I am a little confused about how best to define a copyable but not moveable class. It seems to me that deleting the move constructor is a bad idea because then I couldn't construct from a temporary. On the other hand I don't want the compiler to implicitly generate a move constructor for me that may be wrong or may lead to unexpected behavior. My question is whether the compiler is allowed to implicitly generate a move constructor for the following class:
class C {
public:
int i_;
C(const C&) = default;
}

[class.copy]/9 after CWG 1402:
If the definition of a class X does not explicitly declare a move constructor, one will be implicitly declared as defaulted if and only if
X does not have a user-declared copy constructor,
X does not have a user-declared copy assignment operator,
X does not have a user-declared move assignment operator, and
X does not have a user-declared destructor.

If the definition of a class X does not explicitly declare a move constructor, one will be implicitly declared as defaulted if and only if
X does not have a user-declared copy constructor
[and ...]
Since the copy constructor is user-declared (even though it is defaulted, which means it is not user-provided), a move constructor will not be implicitly declared as defaulted.
You're right that if you were to explicitly delete the move constructor, you would not be able to construct from temporaries because the deleted move constructor would be chosen by overload resolution. So the approach you have used for a copyable but not moveable class is the right one.
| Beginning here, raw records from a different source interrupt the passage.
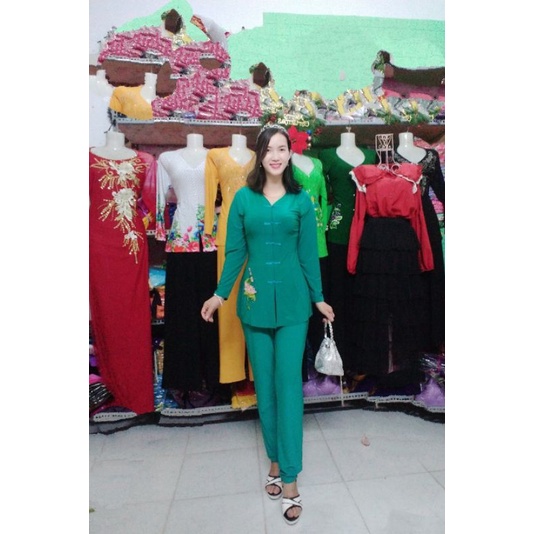 Bộ đi chùa, tay dài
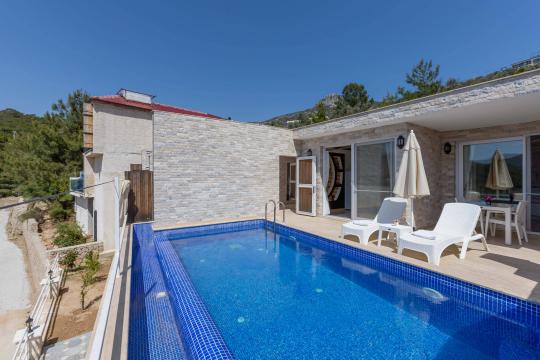 Villa Zeyno 1
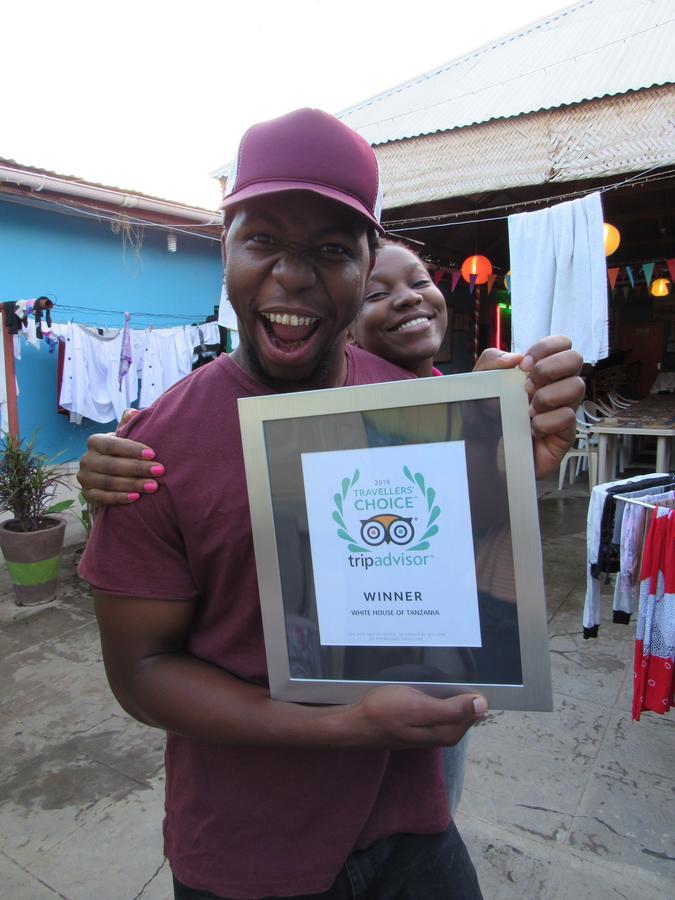 White House Of Tanzania Vandrarhem Arusha Exteriör bild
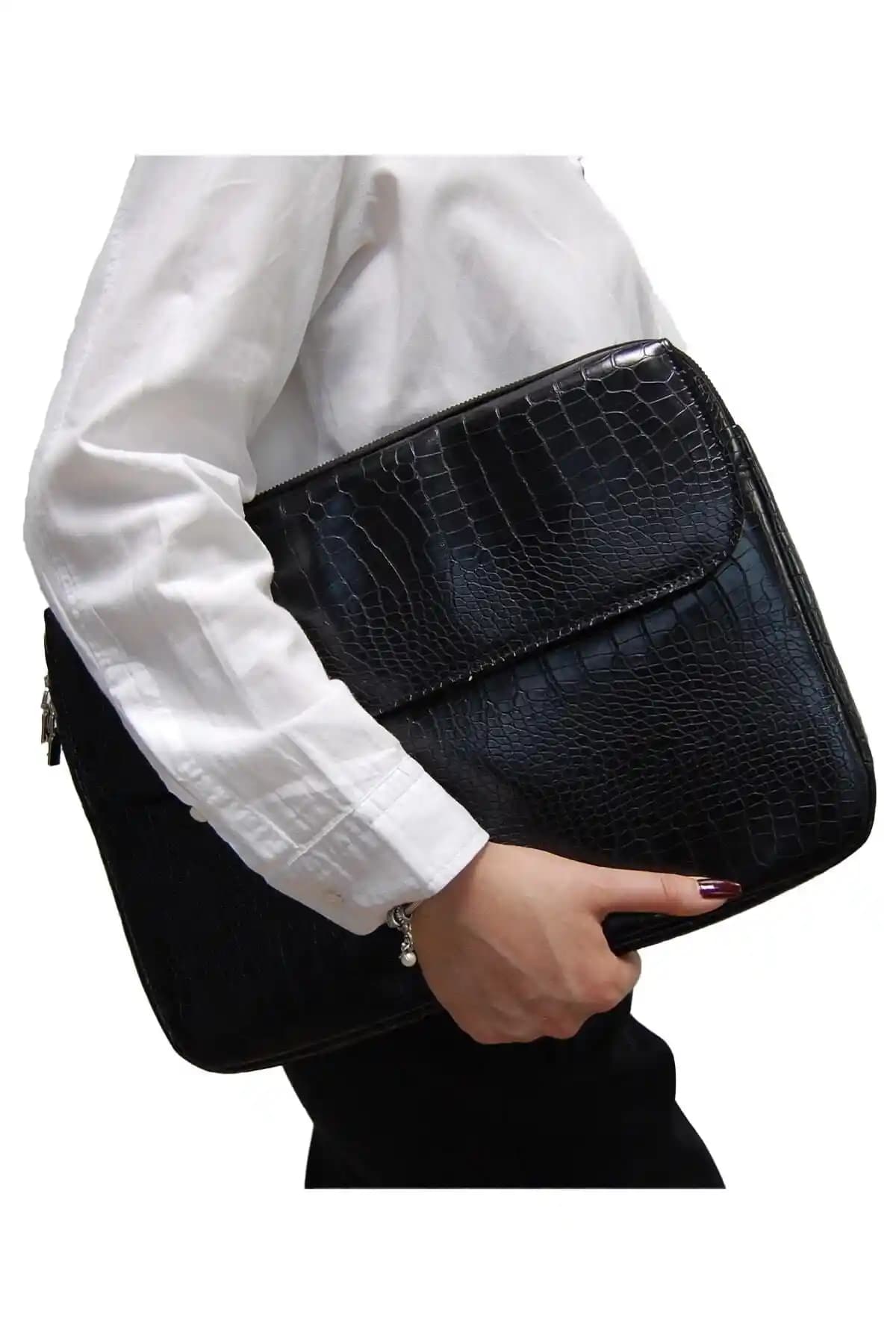 D'VERS Kroko Siyah Unisex MacBook Kılıfı 13-15.6 İnç Uyumlu Şık ve Koruyucu Tasarım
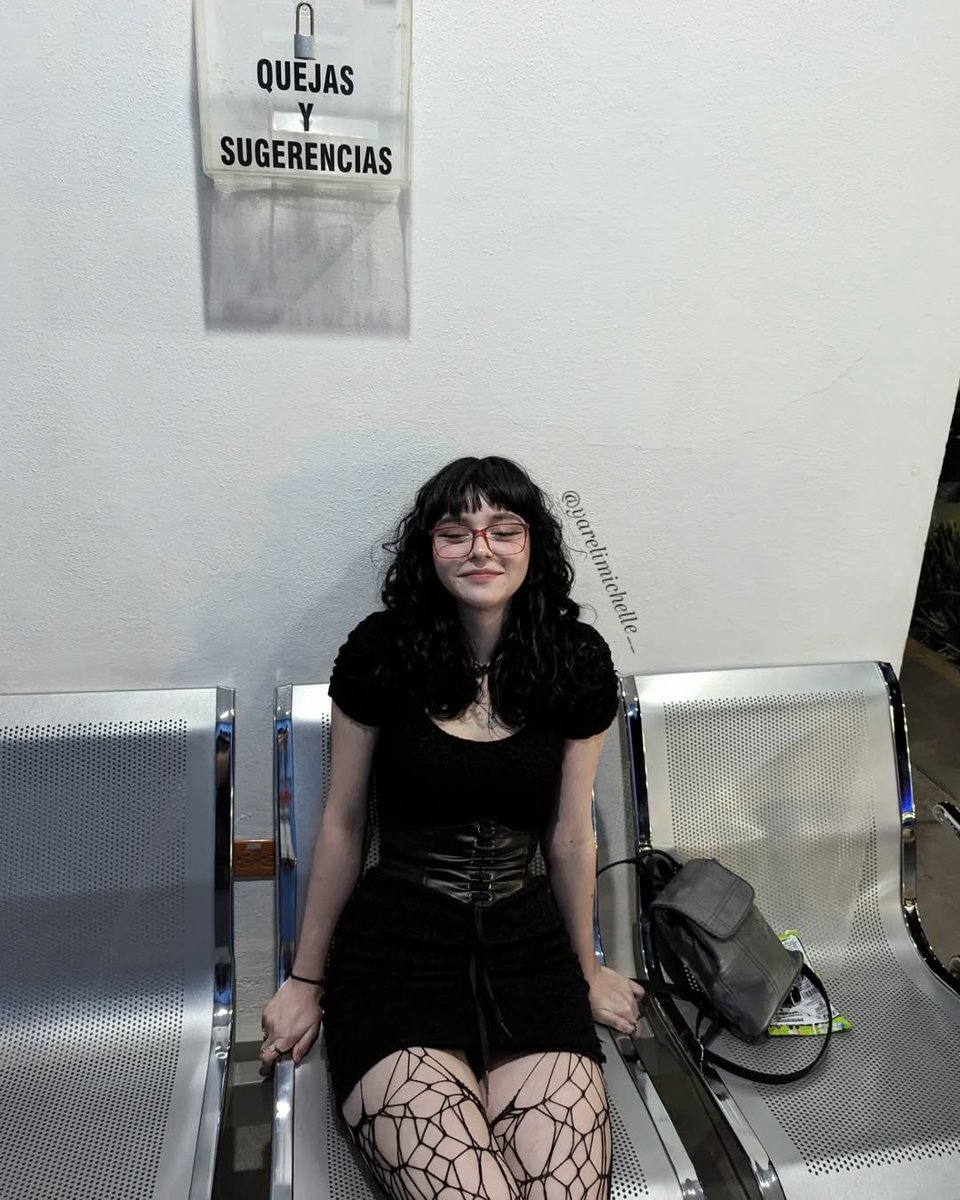 Yarelimichelle__ tweet media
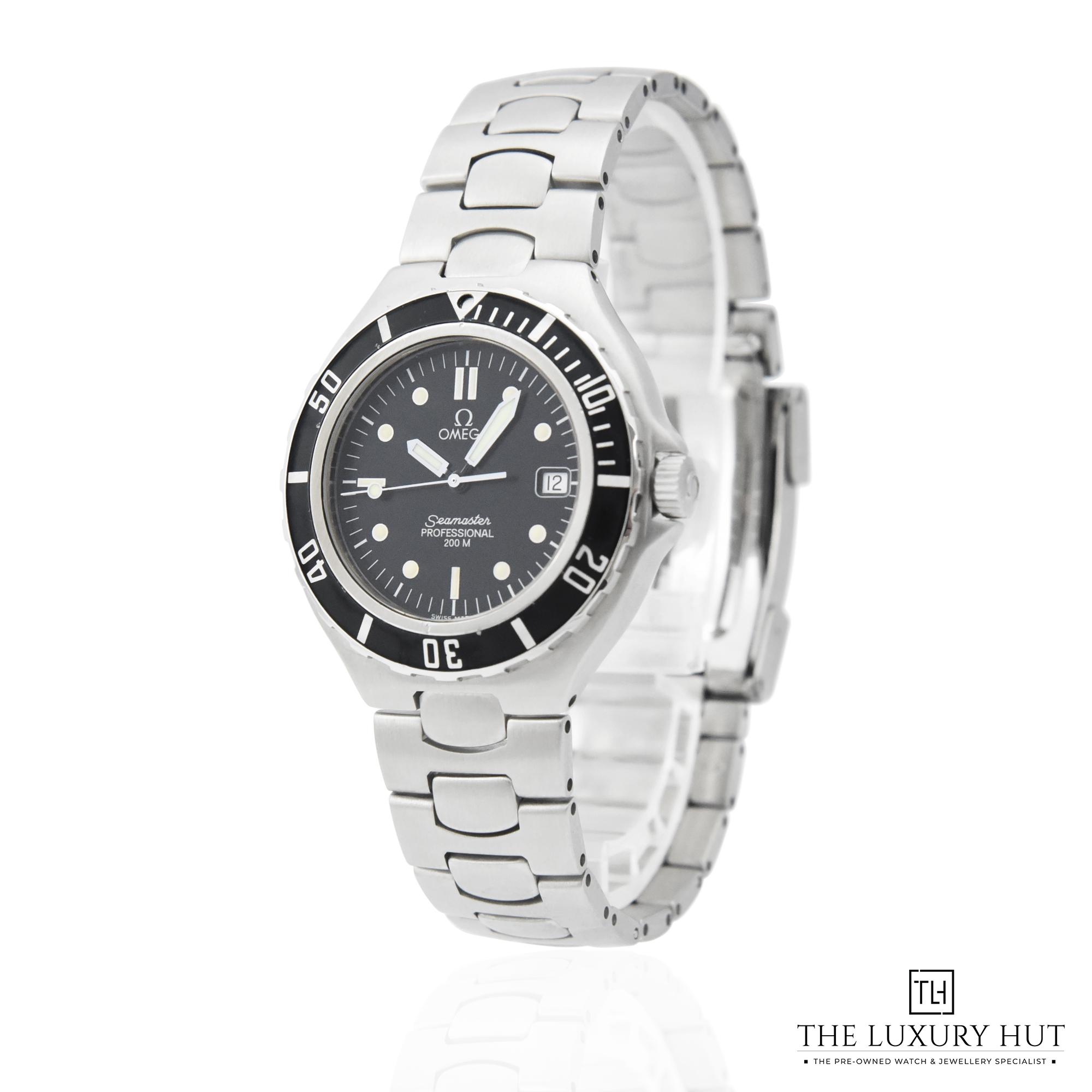 2023/09/Omega_Seamaster_Pre-Bond_Black_50206-b.jpg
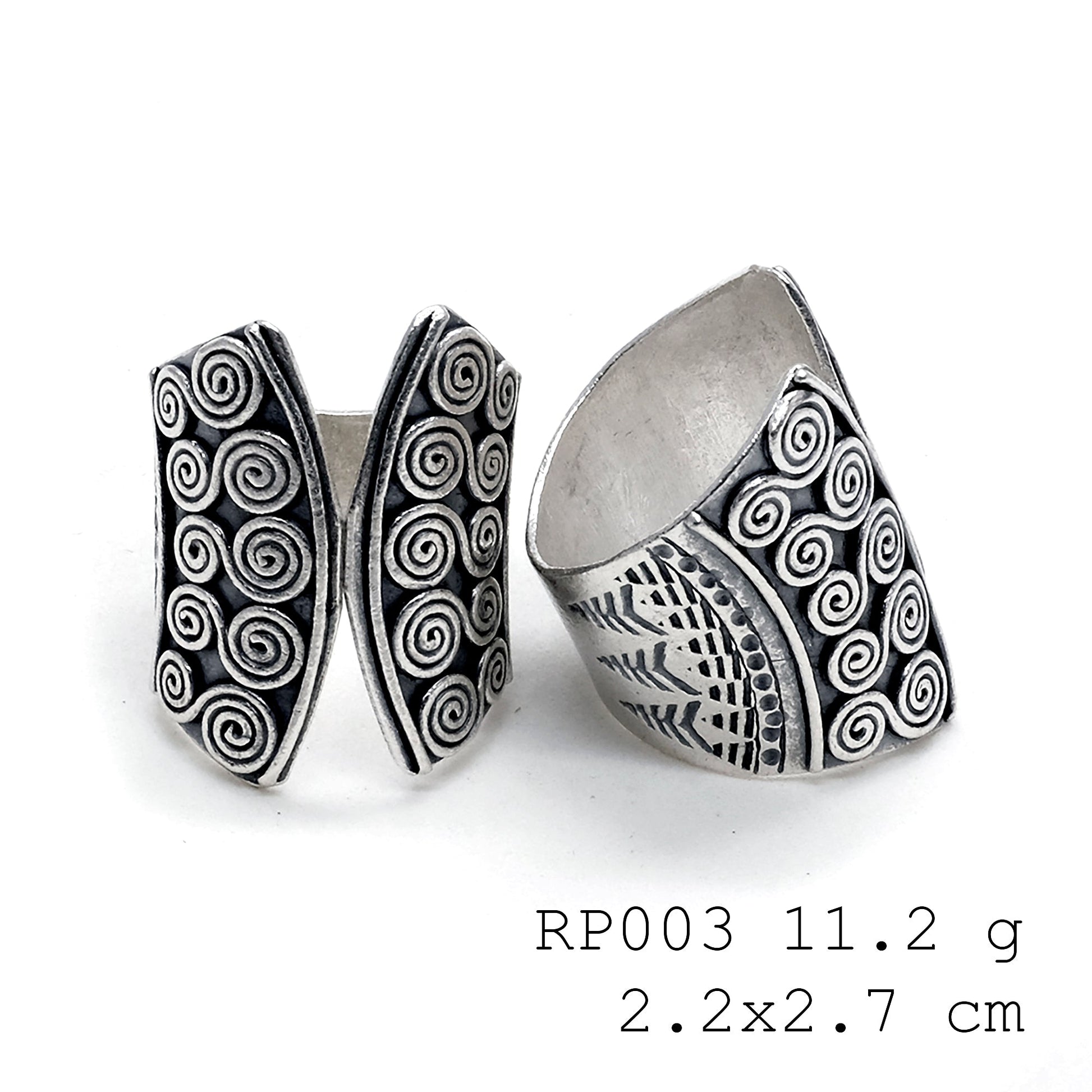 The white luster. A 98% fine, handmade silver ring.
Relative to your example the compiler will implicitly declare a move constructor because the first declaration of your copy constructor is the default definition. In this case the copy constructor is considered as implicitly defined. But if you would change your class definition the following way
class C {
public:
int i_;
C(const C&);
};
C::C( const C & ) = default;
then in this case the move constructor would not be generated by the compiler becasue the copy constructor is explicitly declared by the user.